There is also a State Funded Food Program for immigrants who do not qualify for federally funded Food Support if you are 50 years of age or older.



Can I own my farm and be eligible for Food Support?
Yes, if your farm produces income for you and your family.


Does the value of my farmland count toward my asset limit?
For self-employed farmers, the farmland you own to produce income is excluded from the asset limit.


If I quit farming, will my farmland continue to be excluded?
Yes, for one year after you quit farming. After one year, the farmland would be a counted asset.


Does the value of my licensed vehicles, equipment and supplies count toward my asset limit?
If you are a self-employed farmer, these items are excluded as long as they are being used to produce income.


What happens if I sell my farm on a contract for deed?
If the contract produces income consistent with the farm’s fair market value, it is excluded.


What happens if I lease my land, but still live on the homestead?
If the lease contract produces income consistent with its fair market value; it is excluded as an income-producing asset. Your homestead and the surrounding land you own would be excluded as an asset as long as you live in it.

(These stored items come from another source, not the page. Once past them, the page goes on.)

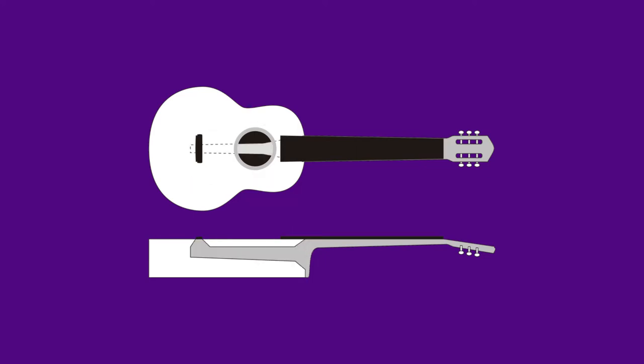What I've done is extend the neck inside the body, effectively, but entirely separate from the body. We need to zoom in and have a look at that bit, because that's the business end.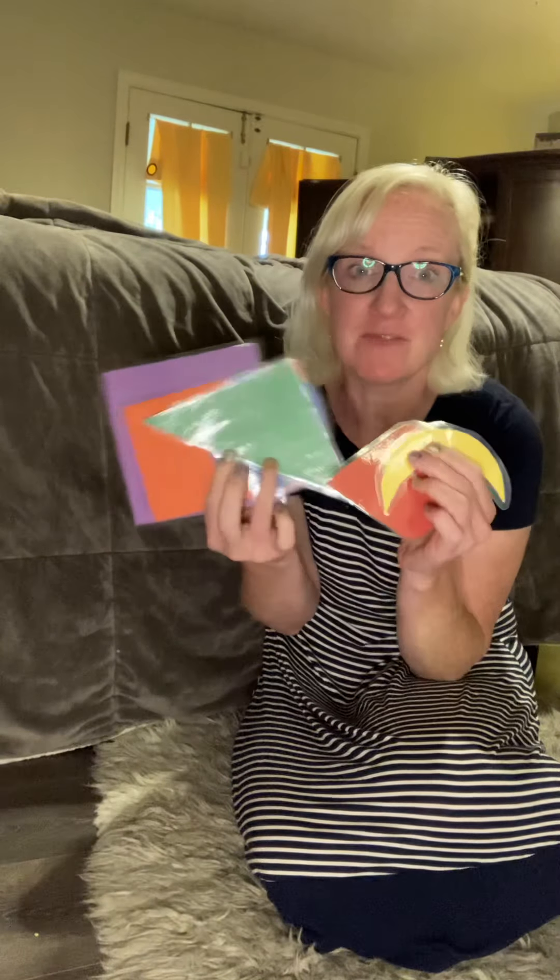Hi! So now we're going to talk about shapes for two-year-olds especially. This game is called Shape Hop. If you've got my packet of stuff and you have a two-year-old, you'll see a number of shapes. I've laminated all of them to make it really easy to keep and reuse. But you can always do this yourself with just construction paper or anything else.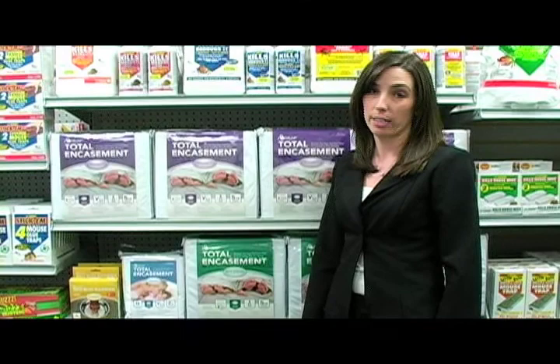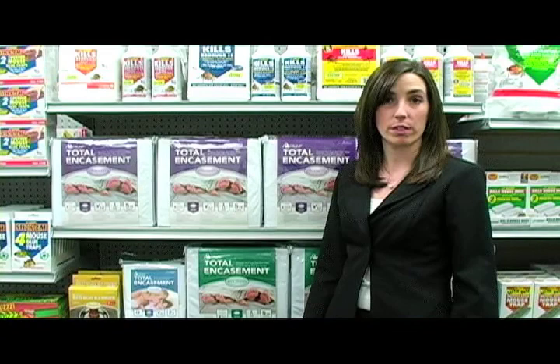Protect the investment of a mattress before you have an infestation. Bed bugs cannot penetrate the encasement to reach your mattress. If you do find evidence of bed bug activity, simply remove the encasement and run it through your washer and dryer.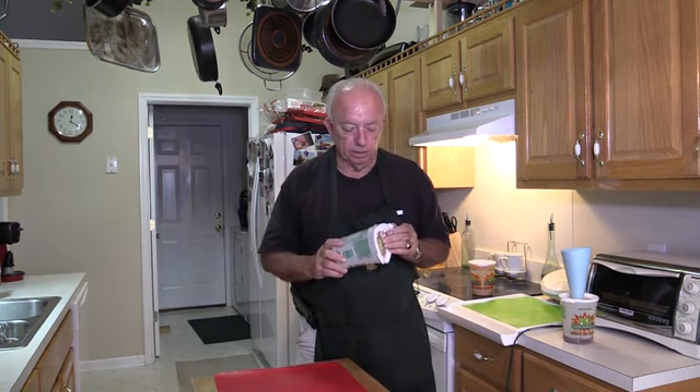Yeah, I do go through a lot of slaw, and I always keep the container. I don't like to consider it as hoarding — I like to consider it as being conservative, not wanting to contaminate the environment.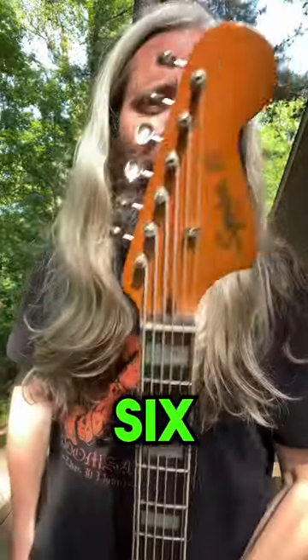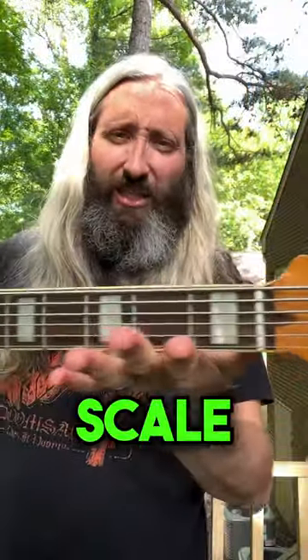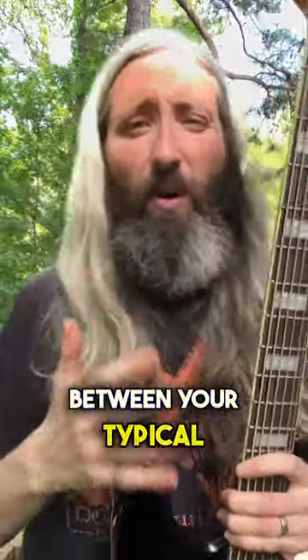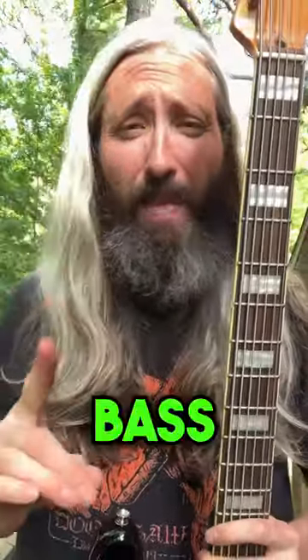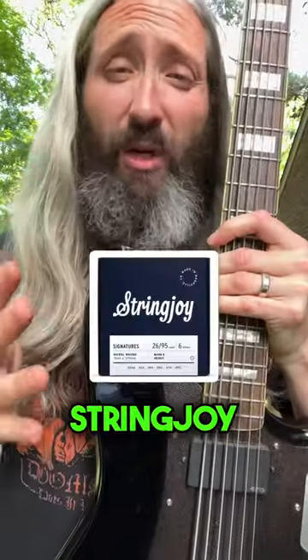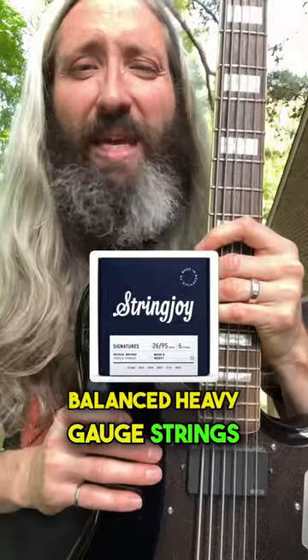String gauges for a Bass VI. This is a 30-inch scale Fender Squier Bass VI, a bit of a hybrid between your typical baritone guitar and a bass. It's tuned down a full octave from standard tuning with a set of Stringjoy Bass VI balanced heavy gauge strings.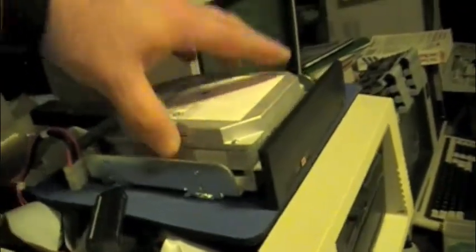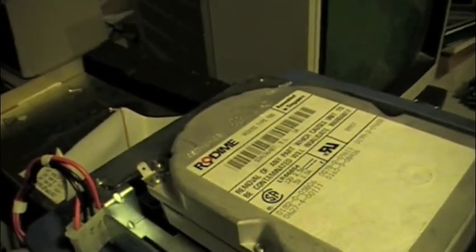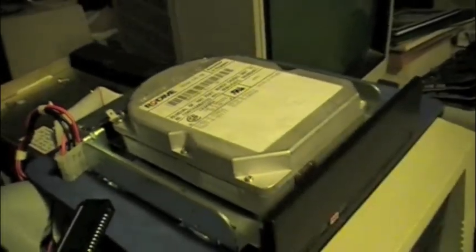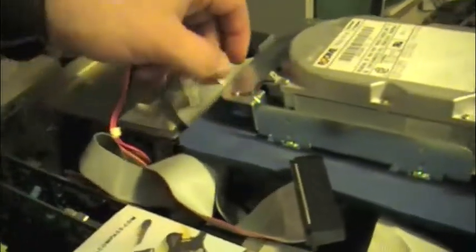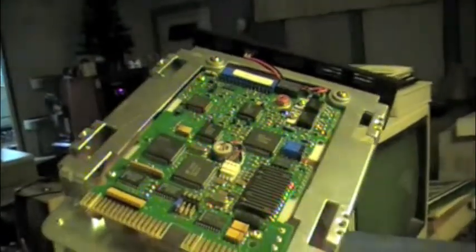Well, since we're doing power-ups, I figured I'd bring out a few more. This is a Rodime RO3055. It's either a 10 or a 20 meg hard drive — I cannot remember at the moment. It is a 3.5 inch drive attached to a 5.25 inch adapter.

What if I’m trying to sell my farm, but can’t sell it?
If you are making a good faith effort to sell it, the property is excluded as an asset. The farm might be considered a non-liquid asset under one of the following conditions:

  • You are unable to sell the asset for any significant return. A significant return is any return that is determined to be more than $1,500, after estimating costs of sale or disposition and taking into account the ownership for the household.
  • The cost of selling the asset would be relatively great.
  • The sale is unlikely to produce significant funds of more than $1,500 for the support of your household.